** TASK DETAILS **
Provide again, from the entries below, every line from the one containing "Red pepper and" through the one containing "TBD Idaho, Caldwell, ID", exactly as written, and no other line.

=== Begin Enclosure ===

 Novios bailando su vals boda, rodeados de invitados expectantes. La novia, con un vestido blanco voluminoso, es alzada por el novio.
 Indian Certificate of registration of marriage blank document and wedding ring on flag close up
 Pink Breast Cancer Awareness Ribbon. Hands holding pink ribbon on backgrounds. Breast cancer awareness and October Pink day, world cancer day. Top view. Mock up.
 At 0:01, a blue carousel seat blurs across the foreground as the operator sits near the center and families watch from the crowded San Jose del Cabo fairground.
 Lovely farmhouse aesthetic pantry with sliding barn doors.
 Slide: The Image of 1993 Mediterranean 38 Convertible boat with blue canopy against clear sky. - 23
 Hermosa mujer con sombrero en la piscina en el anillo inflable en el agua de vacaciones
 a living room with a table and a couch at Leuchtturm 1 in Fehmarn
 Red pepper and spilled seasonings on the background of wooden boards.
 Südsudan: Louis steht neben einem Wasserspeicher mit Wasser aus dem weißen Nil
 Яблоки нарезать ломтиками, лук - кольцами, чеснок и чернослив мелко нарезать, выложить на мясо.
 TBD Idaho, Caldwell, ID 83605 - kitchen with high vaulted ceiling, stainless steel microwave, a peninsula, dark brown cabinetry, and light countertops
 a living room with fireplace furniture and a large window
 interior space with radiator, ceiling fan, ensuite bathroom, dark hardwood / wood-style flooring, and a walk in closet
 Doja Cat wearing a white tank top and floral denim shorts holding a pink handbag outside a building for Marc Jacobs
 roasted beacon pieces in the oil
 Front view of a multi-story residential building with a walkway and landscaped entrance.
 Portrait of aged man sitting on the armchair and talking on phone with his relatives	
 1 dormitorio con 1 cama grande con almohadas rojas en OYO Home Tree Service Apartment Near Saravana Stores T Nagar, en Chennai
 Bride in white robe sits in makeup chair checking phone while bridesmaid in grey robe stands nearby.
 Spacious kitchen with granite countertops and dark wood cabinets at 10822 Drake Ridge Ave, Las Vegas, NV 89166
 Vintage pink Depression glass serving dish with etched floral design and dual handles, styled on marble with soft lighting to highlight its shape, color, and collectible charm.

=== End Enclosure ===

** EXERCISE OUTPUT **
 Red pepper and spilled seasonings on the background of wooden boards.
 Südsudan: Louis steht neben einem Wasserspeicher mit Wasser aus dem weißen Nil
 Яблоки нарезать ломтиками, лук - кольцами, чеснок и чернослив мелко нарезать, выложить на мясо.
 TBD Idaho, Caldwell, ID 83605 - kitchen with high vaulted ceiling, stainless steel microwave, a peninsula, dark brown cabinetry, and light countertops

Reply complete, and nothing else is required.